In the trailer: saddles, bridles, bits, saddle pads, leg boots, extra halters/leads, ropes, extra coats/boots for me (because invariably, it's hotter or colder out there than it is just a few miles away at home).


In my basement: saddles, saddle pads, bridles/bits and harness that I'm not currently using. It's dry, clean, and not in the way in the trailer.


----------



## JCnGrace (Apr 28, 2013)

A little bit of about everything you'd find in my barn tack room only in smaller quantities. The only thing I don't keep in it and instead load and unload is feed, hay, meds and fly spray. Then it also has under the manger storage and that's pretty full too. LOL It has extension cords, step ladder, the rubber mat that goes in front of the LQ's door, buckets & feed pans for both the horses and dog, folding table, fold up saddle stands, lawn chairs, scoop shovel and I'm sure miscellaneous other things.


----------



## Kato (Apr 20, 2011)

*Cleaning Items*


Muck bucket
pitchfork
broom & dustpan
bucket brush
small bottle of dish soap
smaller stiff
scrub brush (to clean poo side of trailer)
bucket marked specifically for cleaning purposes
disinfectant spray.
I keep all the smaller items in the cleaning bucket, pitchfork & broom hang off wall and muck bucket is either under my saddle rack or in the 1st stall depending upon if I am using 1st stall for storage for long trips. I have a couple tension curtain rods going across the ceiling in my dressing room and hang the bucket from there. 



*Tack*


Training bridle, it has clip bit holders and will adjust from cob to slightly oversized.
reins
a spare cinch for each horse - I just take their old one when I replace it and toss it in trailer
nylon ladigo & off billet nylon rolls up nicely and takes up very little space.
Spare saddle pad stay in trailer - hanging off ceiling curtain rod
spare breast collar
extra halters & leads - one for each horse
spare leather break aways - since all my horses have break away halters.
Extra bit - one to match main bit style for each horse (2 single joints, 1 dog bone)
spare helmets
*Misc other stuff*


Collapsable buckets (great for offering water and day rides - save a ton of space)
Water tubs - for longer trips and camping (put in as needed)
Water buckets - only if going to be stalled (put in as needed)
feed pans
bucket straps
double end clips
fly masks
ear bonnets
grooming kit (hangs on ceiling curtain rod)
magnetic white board for vet & contact info
SMBs & bell boots - stuck to wall with velcro
Bale twine
chicago screws ( I have nothing that needs them but my friends often do)
camp chairs
5 gal buckets of water - goes in 1st stall if not hauling 3
mounting block - also used as trailer stairs
1st aid kit
hay in hay bags - only if I am hauling 3 horses - otherwise in 1st stall
grain & scoop - goes in 1st stall if not hauling 3
3 hay nets
hammock & tree straps - to hang outside or inside the trailer
lugable-loo - goes in 1st stall if not hauling 3
2 collapsible saddle racks
flag
lungeline
*Tools*


Trailer aid
set of triangles
set of flares
breaker bar
4-way for lug nuts
socket to fit trailer lugs
extension for socket
fix-a-flat
air compressor & cord extension to run off truck cig lighter
tire plug kit
tire pressure gauge
wheel chocks
pliers
wire cutters
screw drivers
vice-grip
small socket / wrench set
wire stripper & crimper
butt connectors for wire
extra tail lights
spare plug for tail lights
electrical tape
duct tape
zip ties
fire extinguisher
wd-40
wasp spray
white lithium grease
work gloves
razor knife
lighter
shrink tube
bungee cords
fencing pliers - work pretty well for pulling shoes too
hammer
extra wire
dielectric grease
electrical contact cleaner
wire brush
mat movers
spare fuses of every size
I installed a tool box on the tongue of my trailer and everything off my tools list fits in there. I also have a battery powered impact wrench in my pick up for tire changes as well as a 10-ton bottle jack. 

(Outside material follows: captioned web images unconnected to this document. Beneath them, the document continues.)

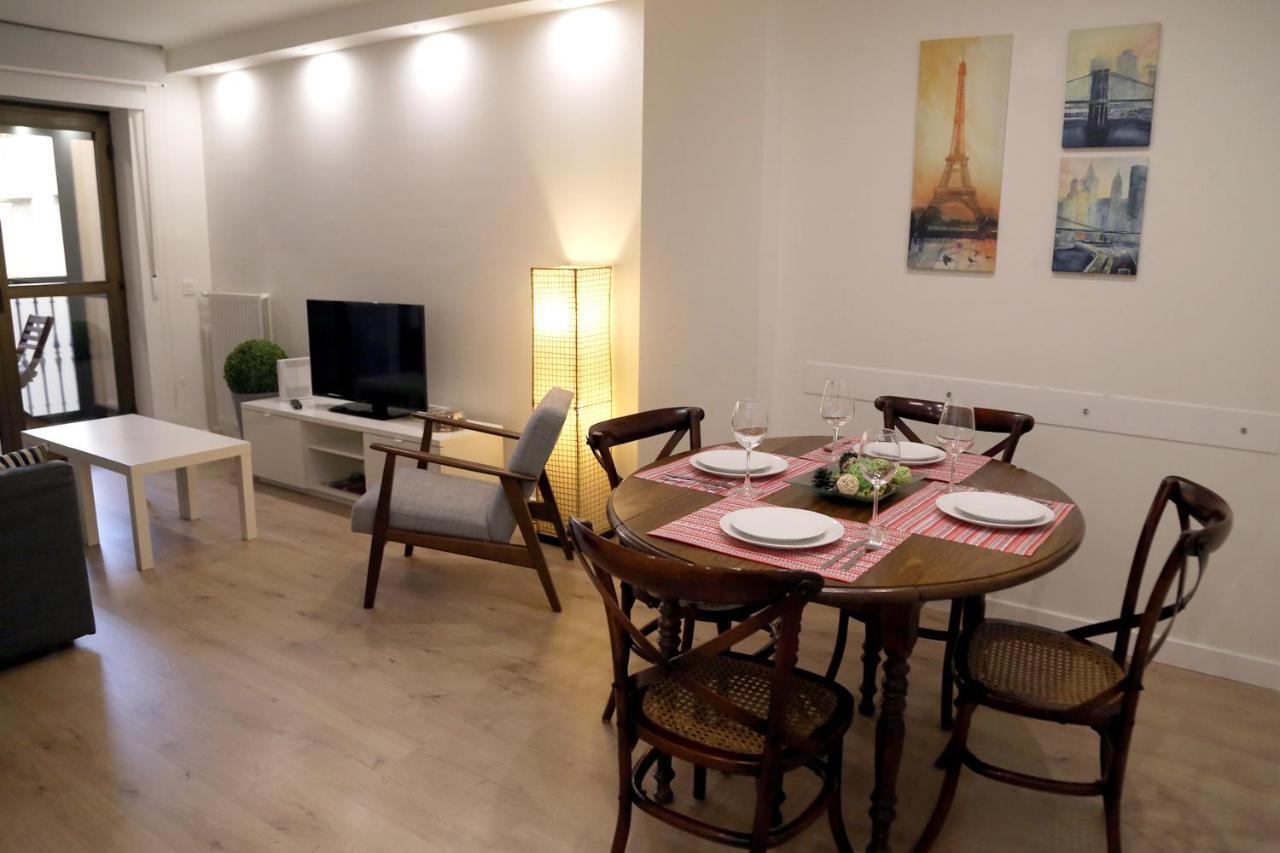 Plaza Monterrey Parking Opcional By Salamancavacacional Appartement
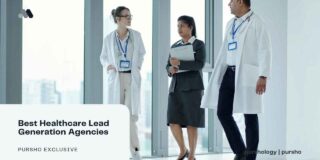 Best Healthcare Lead Generation Agencies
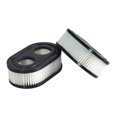 thumbnail image 5 of Cartouche de filtre à air pour tondeuse à gazon Accessoires moteur (1 PCS) esquí esquí Gafas de esquí, 5 of 5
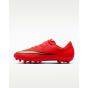 Nike Джентльмены Фу_б.-Кекенш. (AG) He/Uni Mercurial Vapor 17 Academy Низкопрофильная футбольная обувь с искусственным покрытием
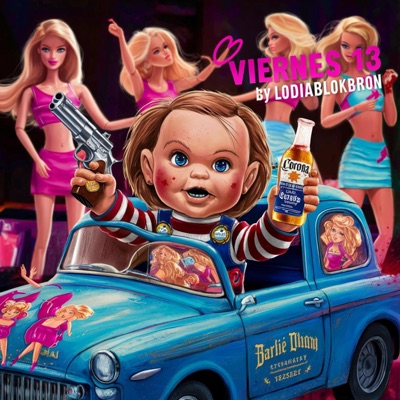 viernes 13 - Single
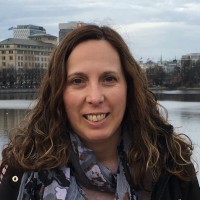 Irene Sclater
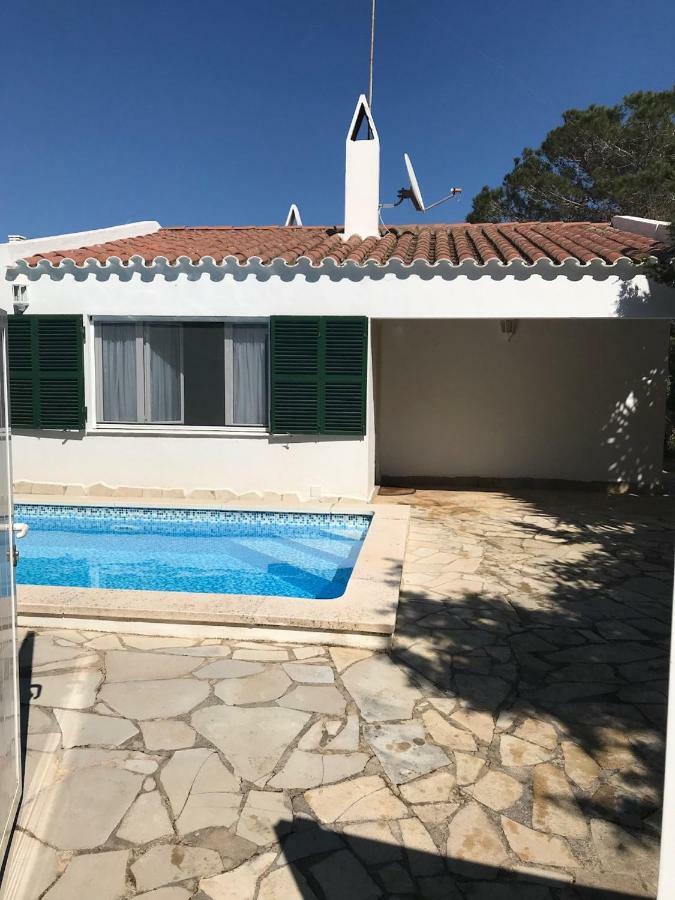Chalet La Rosa Cala Blanca  Exterior foto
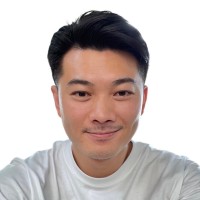 Alan Huang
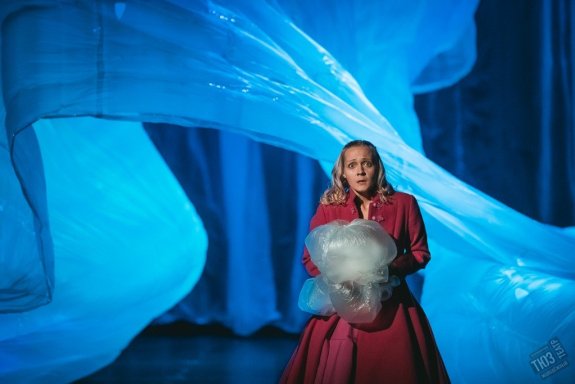 &Scy;&ncy;&iecy;&zhcy;&ncy;&acy;&yacy; &kcy;&ocy;&rcy;&ocy;&lcy;&iecy;&vcy;&acy;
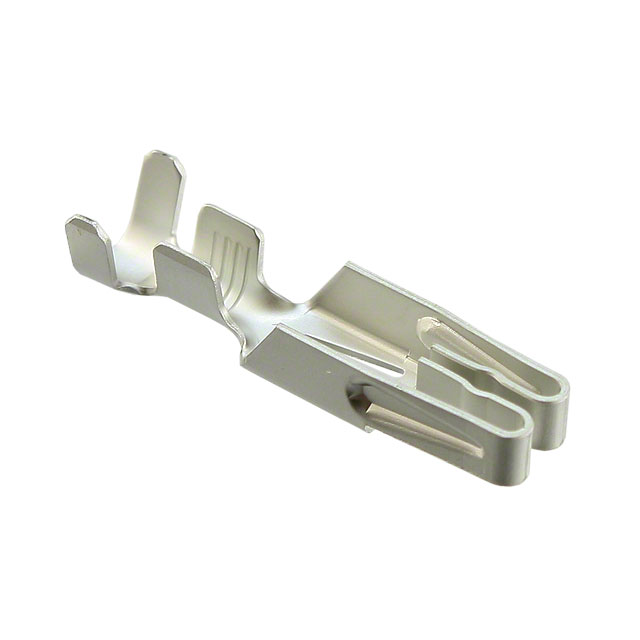 TERM EDGE 10-12AWG CRIMP TIN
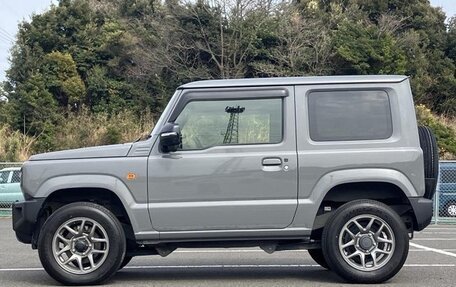 Suzuki Jimny, 2023 год, 1 132 000 рублей, 5 фотография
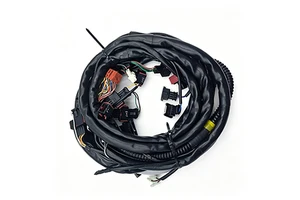 3363811008 Forklift Terminal Wiring Harness for Linde E20 E25 E30 336 | Forklift Spare Parts Factory Direct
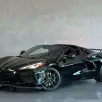 CHEVROLET CORVETTE 6.2 V8 LT1 GASOLINA STINGRAY AUTOMÁTICO CHEVROLET CORVETTE 6.2 V8 LT1 GASOLINA STINGRAY AUTOMÁTICO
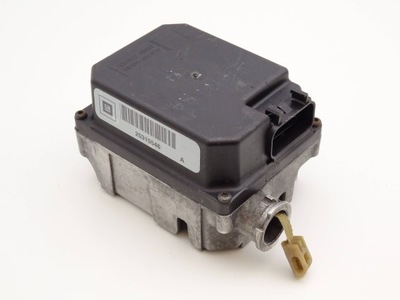 Модуль круиз-контроль opel vectra b 25315546 nr20 фото №1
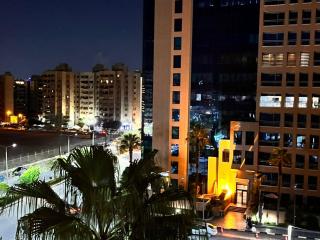 مكـرم عبيـد الرئيسـي أمـام سيتـي استـارز - 2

I have a plastic 3 drawer cart that hold most of the smaller stuff and a large plastic tool chest that holds buckets, feed pans and the spare tack ( I save my hooks for the tack we pack with) my chairs fit in the curve of the nose ahead of the toolbox. I have helmet racks above the door. I utilize the curtain rods as necessary to get stuff up off the floor. My dressing room is small, and it is full, well organized so it doesn't look as full as it sounds. I included a picture of a trailer with the same tack room as mine. I will try and get pictures of mine when the next time I pull it out.


----------



## LoriF (Apr 3, 2015)

Acadianartist said:


> So obviously I missed the "trailer" part of the tack room. I do not have a beer fridge in my trailer, just in case anyone is wondering, lol.

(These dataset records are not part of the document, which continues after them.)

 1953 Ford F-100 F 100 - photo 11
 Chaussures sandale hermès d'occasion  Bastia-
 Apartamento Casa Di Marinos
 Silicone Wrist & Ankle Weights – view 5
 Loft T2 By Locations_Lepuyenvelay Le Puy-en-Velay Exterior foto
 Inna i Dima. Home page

No, I think they meant all tack rooms. It's just that a lot of people keep all of their tack in a trailer if they have one. Especially if they board, it keeps others from "Ahem" borrowing their stuff. I would so have a beer fridge in the trailer if I could fit one, but hey, coolers work just fine. lol


My tack room (which is my trailer) has three saddles, four bridles, four halters, various brushes, hoof picks, saddle pads, lotions and potions, buckets, hay nets, muck rake, extra pieces of leather straps, a hole punch, a few hand tools, a portable a/c and heater, flash lights, leg wraps, a step box, extra bits, various clips and snaps, extra lead ropes, high line rope, extra girths, mat movers, and first aid kits.


----------



## Acadianartist (Apr 21, 2015)

LoriF said:


> No, I think they meant all tack rooms. It's just that a lot of people keep all of their tack in a trailer if they have one. Especially if they board, it keeps others from "Ahem" borrowing their stuff. I would so have a beer fridge in the trailer if I could fit one, but hey, coolers work just fine. lol


The original post actually said "trailer tack room". I just read it too quickly. But yeah, if I'm going to a show, I put a cooler in my trailer tack room. Although, no alcoholic beverages sadly. Have always thought those shows should have bars. But I suppose it wouldn't be conducive to save trailer hauling at the end of the day.


----------